Comme je le disais cet après-midi, il convient donc de s’assurer que nous pourrons progressivement résorber les délais, afin que les victimes ne soient pas contraintes d’accepter l’atténuation du préjudice qu’elles ont subi, simplement pour ne pas avoir à attendre deux ou trois ans.
Les amendements qui nous sont présentés se classent en deux grandes catégories.
Avec les amendements qui visent à éliminer des éléments de caractérisation, on supprime l’intention, le but et, ce faisant, on va vers un risque d’insécurité juridique, donc d’imprécision, ce qui me paraît dangereux.

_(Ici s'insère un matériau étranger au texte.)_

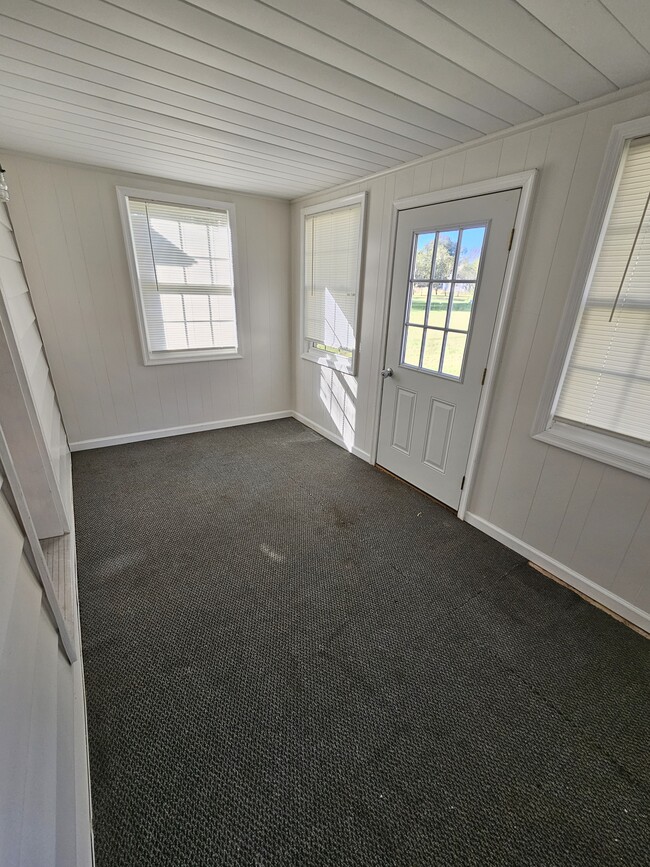 Building Photo - 8444 Hickman Rd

L’incrimination a été abrogée par le Conseil constitutionnel justement pour imprécision et non-respect du principe de légalité des délits et des peines. Par conséquent, nous nous exposons, me semble-t-il, aux mêmes déconvenues si nous laissons ces risques-là subsister. On ne peut pas considérer un seul acte, presque sans pression grave, sans but, sans finalité. Il y a d’autres infractions. S’il n’y a pas de connotation sexuelle, on est dans le harcèlement moral. C’est pourquoi le Gouvernement ne peut pas être favorable à de tels amendements.
J’entends bien votre argumentation, madame Klès, sur le chantage sexuel. Simplement, votre amendement soulève deux difficultés. La première, c’est que la notion de chantage existe déjà dans le code pénal. Elle concerne la recherche d’avantages matériels et financiers. Nous aurions donc dans le même code pénal le chantage et le chantage sexuel. Ce dernier, qui constitue une atteinte aux personnes, serait moins lourdement puni que le chantage, pour lequel la peine prévue est de cinq ans d’emprisonnement.
C’est tout le débat que nous avons eu cet après-midi ! (M. Jean-Jacques Hyest acquiesce.) Pour ma part, je ne souhaite pas contribuer au désordre actuel du code pénal, en prévoyant, de plus en plus souvent, que les atteintes aux biens soient plus sévèrement punies que les atteintes aux personnes. Je ne veux pas introduire un élément de cette nature dans le code pénal. Il nous faut au contraire rétablir, avec le législateur, l’échelle des peines du code pénal, qui doit correspondre davantage aux valeurs de la République, à notre conception des personnes, de leur intégrité physique et psychique, et placer sur un plan tout de même légèrement inférieur les peines prévues pour les atteintes aux biens.
Nous en sommes tous conscients, toute la difficulté de la discussion est là. Le sujet est d’ailleurs revenu à plusieurs reprises au cours de nos travaux : devons-nous introduire la notion de chantage ? Les commissions saisies ont retourné le problème dans tous les sens !
C’est vrai, un acte unique ressemble à du chantage. Pour ma part, cela a été ma première pensée, et j’ai demandé à vérifier sa définition et la sanction prévue dans le code pénal. Dans le vocabulaire courant, sans même recourir au vocabulaire juridique, chacun comprend ce que peut être un acte unique de chantage contre, par exemple, une relation de nature sexuelle. Disant cela, madame Cohen, je ne parle pas de faveurs sexuelles, notion qui ne figure ni dans le texte ni dans votre proposition de loi.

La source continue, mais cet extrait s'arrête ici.